# [EXERCISE]
When the line containing "Hands van de" is found in the data below, copy it and each line after it through the line containing "Berluti Berluti Scrito", exactly and with no others.

# [MATERIAL SUPPLIED]
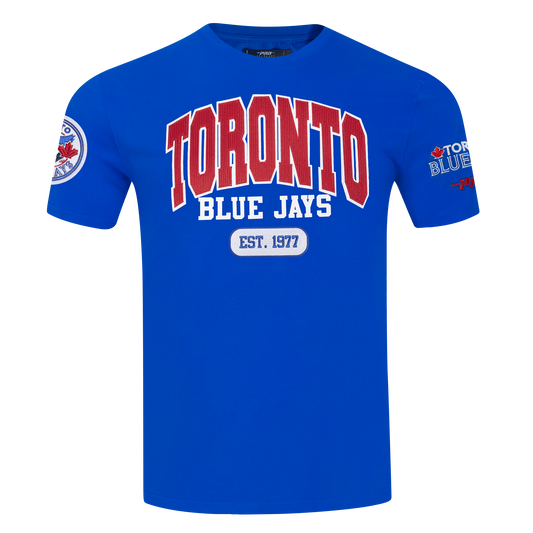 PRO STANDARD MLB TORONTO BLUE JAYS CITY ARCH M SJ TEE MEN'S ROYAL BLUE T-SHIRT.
...
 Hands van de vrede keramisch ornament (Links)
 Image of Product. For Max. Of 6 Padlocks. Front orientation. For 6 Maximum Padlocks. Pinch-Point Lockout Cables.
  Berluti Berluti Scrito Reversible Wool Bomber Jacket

# [TASK OUTPUT]
 Hands van de vrede keramisch ornament (Links)
 Image of Product. For Max. Of 6 Padlocks. Front orientation. For 6 Maximum Padlocks. Pinch-Point Lockout Cables.
  Berluti Berluti Scrito Reversible Wool Bomber Jacket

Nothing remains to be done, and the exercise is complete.